1. “I say, through the grace given unto me, to every man that is among you, not to think of himself more highly than he ought to think; but to think soberly, according as God hath dealt to every man the measure of faith,” Rom. 12: 3.
2. “ Mind not high things, but condescend to men of low estate,” Rom. 12:16.
3. “Be not wise in your own conceits,” Rom. 12:16.
4. “Dearly beloved, avenge not yourselves. . . Be not overcome of evil, but overcome evil with good,” Rom. 12:19–21.
5. “Let every soul be subject unto the higher powers,” Rom. 13: 1.
6. “It is high time to awake out of sleep: for now is our salvation nearer than when we believed. The night is far spent, the day is at hand,” Rom. 13:11, 12.
7. We ought “not to please ourselves. Let every one of us please his neighbor for his good to edification. For even Christ pleased not himself,” Rom. 15:1–3.


I commend these seven particulars, and the whole of the chapters from which they are taken, to your prayerful consideration, as I believe it is only so far as these lovely traits are found in us that we are “not conformed to this world.” You will observe that all the points have to do with the state and condition of our mind, rather than with anything that is outward.


Hence the exhortation is, “Be ye transformed by the renewing of your mind.” Depend upon it, if there is this inward renewing, it will bring a great change over our whole appearance and deportment, but the transformation must begin within. One thing I am sure of, that you will neither be filled with all joy and peace through believing, nor will you abound in hope through the power of the Holy Spirit, if you are conformed to this world.


Now we come to what I have called the goal of the epistle. The believer who has peace and deliverance, who is more than conqueror in all the sufferings of this present time, and who is not conformed to this world, must and will be filled “with all joy and peace in believing.” Then you cannot help noticing that all through the epistle the result of God’s grace is to put the believer in a condition of Hope. When he is justified and has peace with God he rejoices “in hope of the glory of God.” Then in chapter 8, when he is in spiritual liberty, he still has a body connected with the old creation, and he looks for the moment when God will quicken that mortal body by His Spirit; he waits for the adoption, to wit, the redemption of his body; he is saved in hope; his salvation is nearer day by day than when he believed. In a world of God’s enemies, and in a creation which is blighted by sin, the believer must be in a condition of HOPE. He cannot make himself at home in such circumstances. But in this condition of hope he finds himself thoroughly at one with God, who reveals Himself as “the God of hope.” God puts Himself alongside us in this condition of hope into which His grace has brought us, for He is hoping too. He is looking forward to that day of glory which will display in full splendor the counsels of His grace, and He would have us in communion with the expectancy of His own heart.

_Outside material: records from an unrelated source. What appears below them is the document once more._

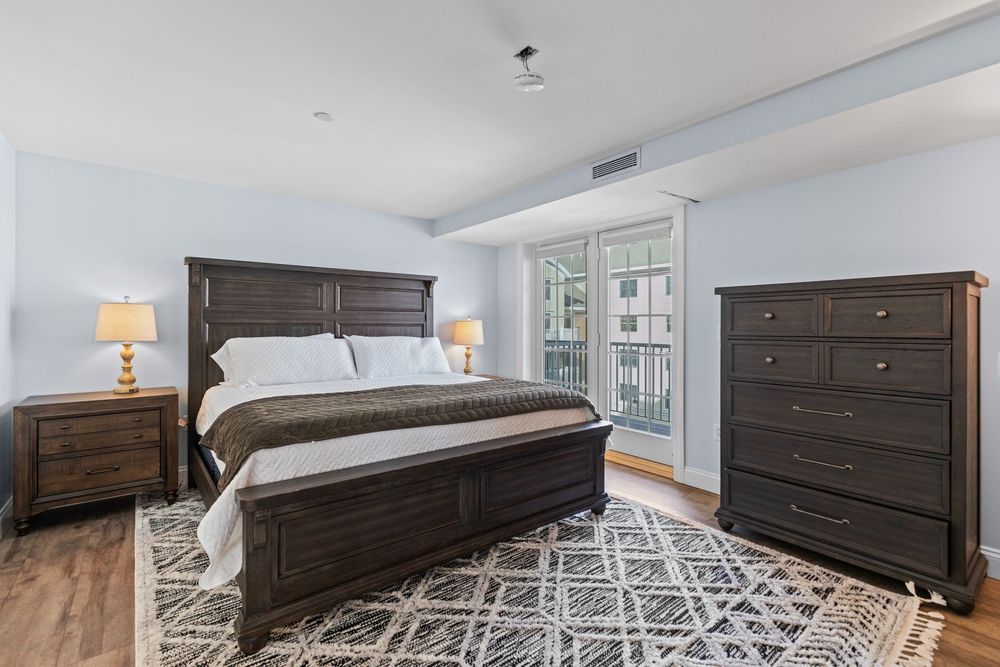 A bedroom with a large bed , dresser , chair and mirror.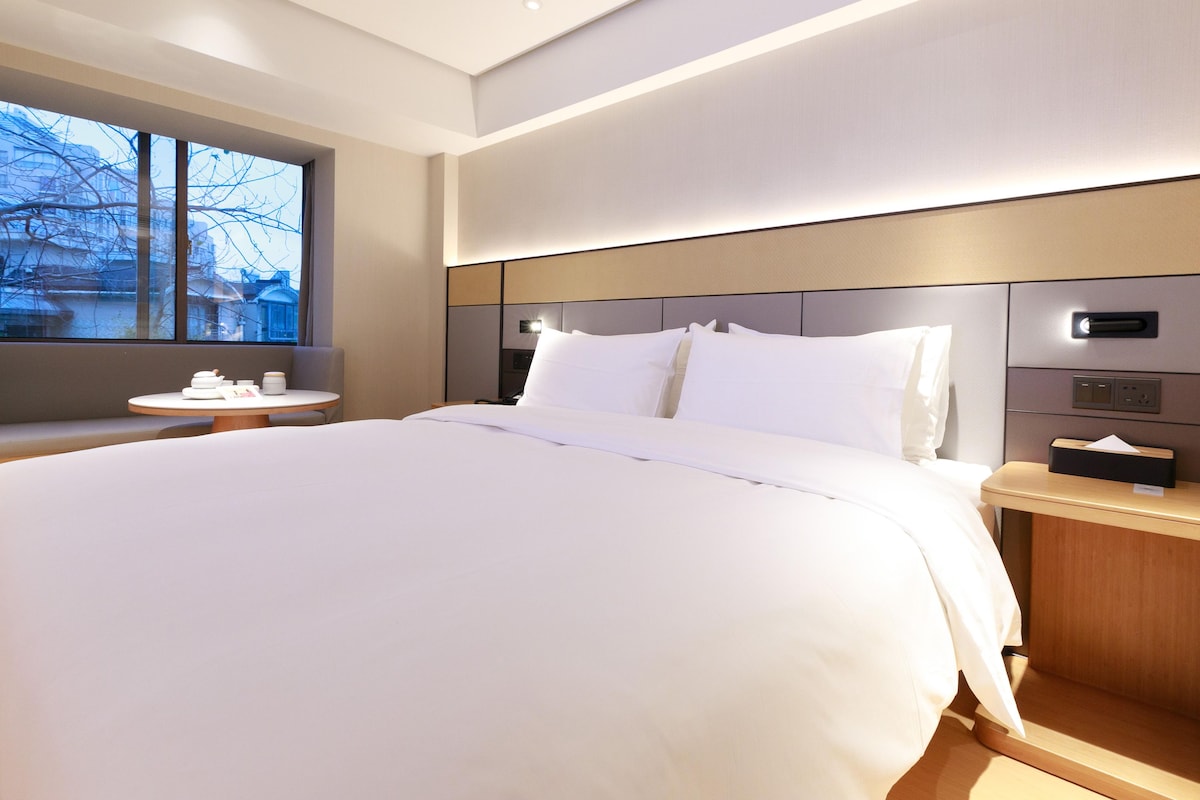 Une chambre d’hôtel moderne, dotée d’un grand lit, de tables de chevet, d’une fenêtre offrant une vue agréable et d’un panneau de commande mural.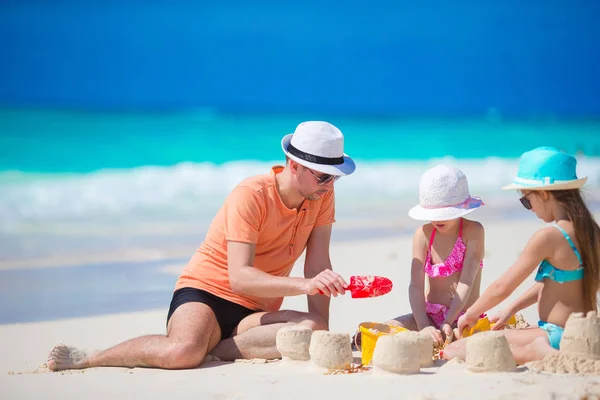 Отец и маленькие дочери строят замок из песка на тропическом пляже — стоковое фото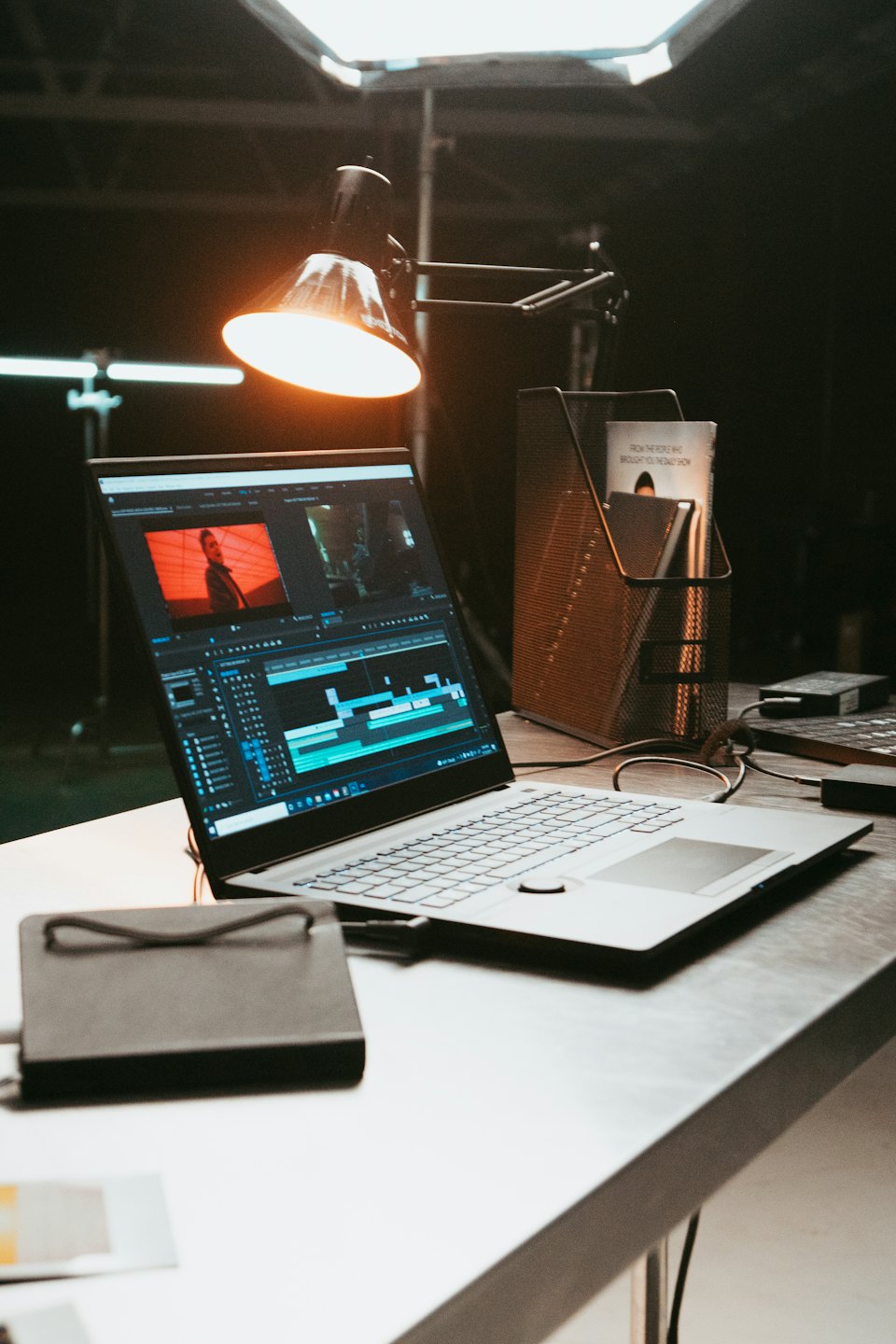 Laptop screen shows video editing software timeline with clips.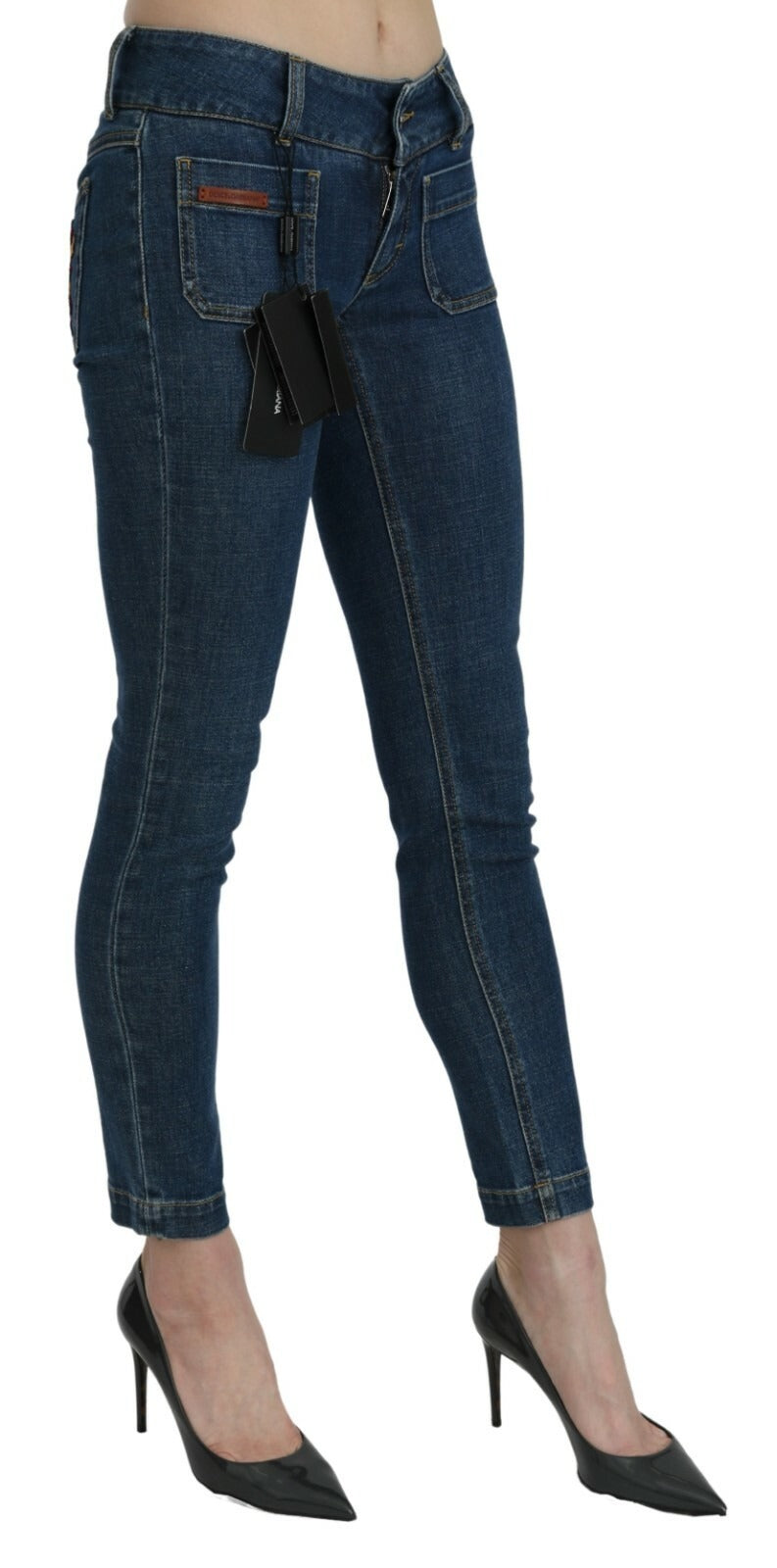 Jeans skinny bleus Dolce & Gabbana, coupe slim, taille moyenne, denim coupé à la taille, style moderne et ajusté.
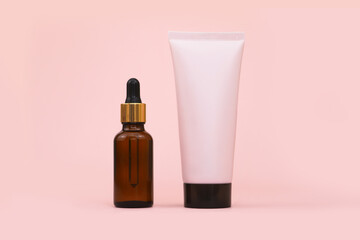 Mockup bottle of pink squeeze bottle plastic tube with black cap and brown glass bottle with...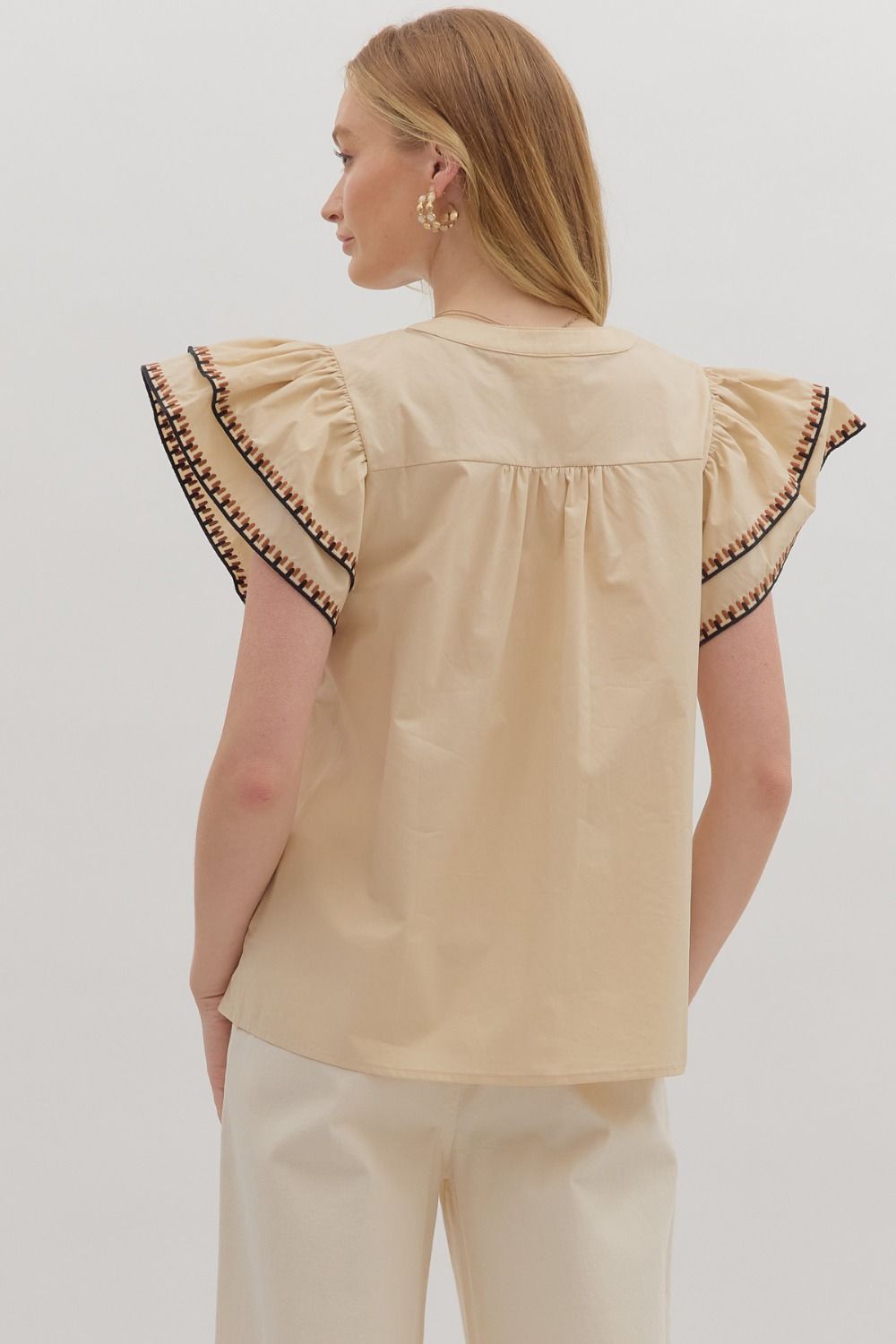 Feminine and breezy, the Odette top features layered flutter sleeves, a V-neck, and contrast embroidered trim for a polished finish.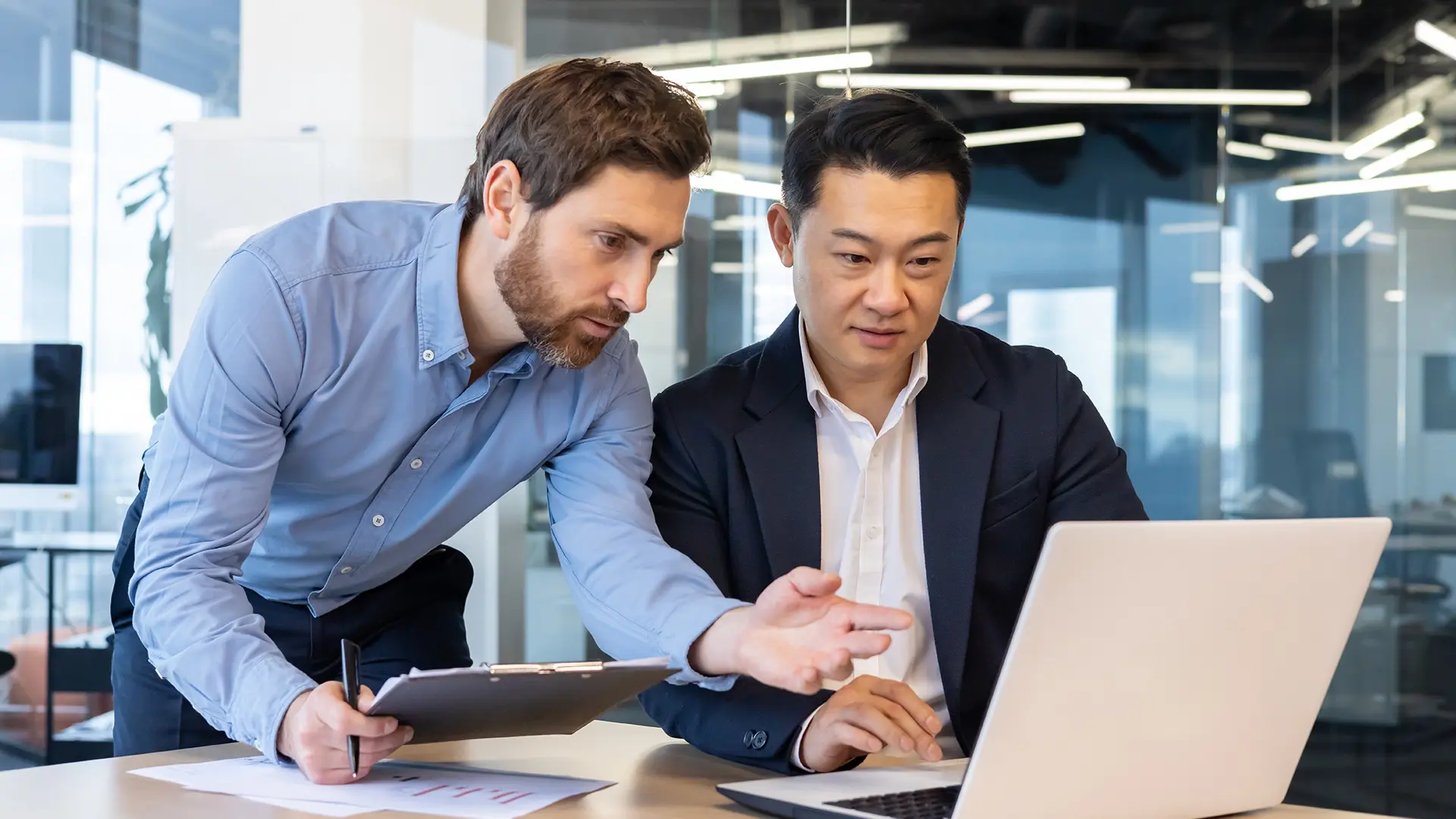 financial-man-group-conversation-laptop-notebook-focused-work-environment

He would fill us with all joy and peace in believing, that we might abound in hope through the power of the Holy Spirit. That is, He would give us now, by faith and in the Spirit’s power, such a full portion of heavenly joy and peace in our hearts that every link with the present order of things would be broken, and our souls would be filled with bright anticipation of that glory, in which our surroundings and our bodily condition will be in perfect harmony with the joy and peace that fill our hearts We should thus “abound in hope, through the power of the Holy Ghost.” This would be the effect of Paul’s gospel, if we were established in it, and there is One who is of power to establish us according to that gospel. May this full blessing be the enjoyed portion of each one in this company! May God bless and establish each one of us, to the glory of His Son Jesus Christ our Lord!